Starting at the line that holds "Hey everybody and" and stopping at the line that holds "Hey guys, how", restate the records below word for word, with both of those lines included.

____ RECORDED DATA

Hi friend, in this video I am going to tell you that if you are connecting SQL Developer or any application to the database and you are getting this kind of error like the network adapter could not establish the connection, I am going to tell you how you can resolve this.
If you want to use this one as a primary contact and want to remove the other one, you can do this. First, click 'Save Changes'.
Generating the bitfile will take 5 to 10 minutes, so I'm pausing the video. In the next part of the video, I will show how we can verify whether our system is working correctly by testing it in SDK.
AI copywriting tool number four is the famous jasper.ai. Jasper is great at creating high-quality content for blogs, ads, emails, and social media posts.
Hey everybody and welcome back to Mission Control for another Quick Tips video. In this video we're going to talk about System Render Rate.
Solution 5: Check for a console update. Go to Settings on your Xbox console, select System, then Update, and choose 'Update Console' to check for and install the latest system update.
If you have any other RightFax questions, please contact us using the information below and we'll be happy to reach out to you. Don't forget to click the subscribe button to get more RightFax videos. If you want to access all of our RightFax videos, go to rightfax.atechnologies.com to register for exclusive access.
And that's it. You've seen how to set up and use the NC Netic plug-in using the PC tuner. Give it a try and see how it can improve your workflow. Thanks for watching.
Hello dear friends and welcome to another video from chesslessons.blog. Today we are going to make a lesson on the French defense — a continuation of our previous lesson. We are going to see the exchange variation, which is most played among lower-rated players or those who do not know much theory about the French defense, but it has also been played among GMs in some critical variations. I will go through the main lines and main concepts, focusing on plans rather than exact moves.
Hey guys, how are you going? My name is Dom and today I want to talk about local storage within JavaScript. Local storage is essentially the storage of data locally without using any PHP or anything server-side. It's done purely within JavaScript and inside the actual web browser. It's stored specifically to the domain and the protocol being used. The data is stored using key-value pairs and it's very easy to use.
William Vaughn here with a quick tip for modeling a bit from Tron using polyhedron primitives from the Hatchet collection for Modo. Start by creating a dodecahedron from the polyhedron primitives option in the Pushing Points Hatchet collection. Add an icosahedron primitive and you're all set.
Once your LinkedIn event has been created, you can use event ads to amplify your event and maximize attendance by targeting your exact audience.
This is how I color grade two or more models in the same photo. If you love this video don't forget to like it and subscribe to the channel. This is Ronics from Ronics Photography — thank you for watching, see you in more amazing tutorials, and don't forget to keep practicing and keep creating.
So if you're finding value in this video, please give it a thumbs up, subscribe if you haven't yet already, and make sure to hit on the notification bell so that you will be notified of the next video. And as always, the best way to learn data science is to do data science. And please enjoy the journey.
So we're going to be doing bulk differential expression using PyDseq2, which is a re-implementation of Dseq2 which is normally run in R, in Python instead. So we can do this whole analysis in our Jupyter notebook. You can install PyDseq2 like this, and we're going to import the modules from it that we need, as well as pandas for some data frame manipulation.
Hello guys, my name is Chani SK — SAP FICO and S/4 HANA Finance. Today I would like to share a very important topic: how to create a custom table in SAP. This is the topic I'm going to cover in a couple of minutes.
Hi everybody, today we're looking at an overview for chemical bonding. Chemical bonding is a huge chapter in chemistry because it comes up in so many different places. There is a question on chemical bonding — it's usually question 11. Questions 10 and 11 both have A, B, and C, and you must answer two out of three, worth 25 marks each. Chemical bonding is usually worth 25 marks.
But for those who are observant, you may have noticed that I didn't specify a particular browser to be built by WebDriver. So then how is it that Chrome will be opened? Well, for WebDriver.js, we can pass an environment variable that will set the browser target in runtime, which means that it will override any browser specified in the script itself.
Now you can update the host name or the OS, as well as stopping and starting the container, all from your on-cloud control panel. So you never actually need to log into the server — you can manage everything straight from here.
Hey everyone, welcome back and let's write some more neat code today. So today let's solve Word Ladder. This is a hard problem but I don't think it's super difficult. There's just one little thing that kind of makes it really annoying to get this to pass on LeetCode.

________

▶ [EXERCISE ANSWER]:
Hey everybody and welcome back to Mission Control for another Quick Tips video. In this video we're going to talk about System Render Rate.
Solution 5: Check for a console update. Go to Settings on your Xbox console, select System, then Update, and choose 'Update Console' to check for and install the latest system update.
If you have any other RightFax questions, please contact us using the information below and we'll be happy to reach out to you. Don't forget to click the subscribe button to get more RightFax videos. If you want to access all of our RightFax videos, go to rightfax.atechnologies.com to register for exclusive access.
And that's it. You've seen how to set up and use the NC Netic plug-in using the PC tuner. Give it a try and see how it can improve your workflow. Thanks for watching.
Hello dear friends and welcome to another video from chesslessons.blog. Today we are going to make a lesson on the French defense — a continuation of our previous lesson. We are going to see the exchange variation, which is most played among lower-rated players or those who do not know much theory about the French defense, but it has also been played among GMs in some critical variations. I will go through the main lines and main concepts, focusing on plans rather than exact moves.
Hey guys, how are you going? My name is Dom and today I want to talk about local storage within JavaScript. Local storage is essentially the storage of data locally without using any PHP or anything server-side. It's done purely within JavaScript and inside the actual web browser. It's stored specifically to the domain and the protocol being used. The data is stored using key-value pairs and it's very easy to use.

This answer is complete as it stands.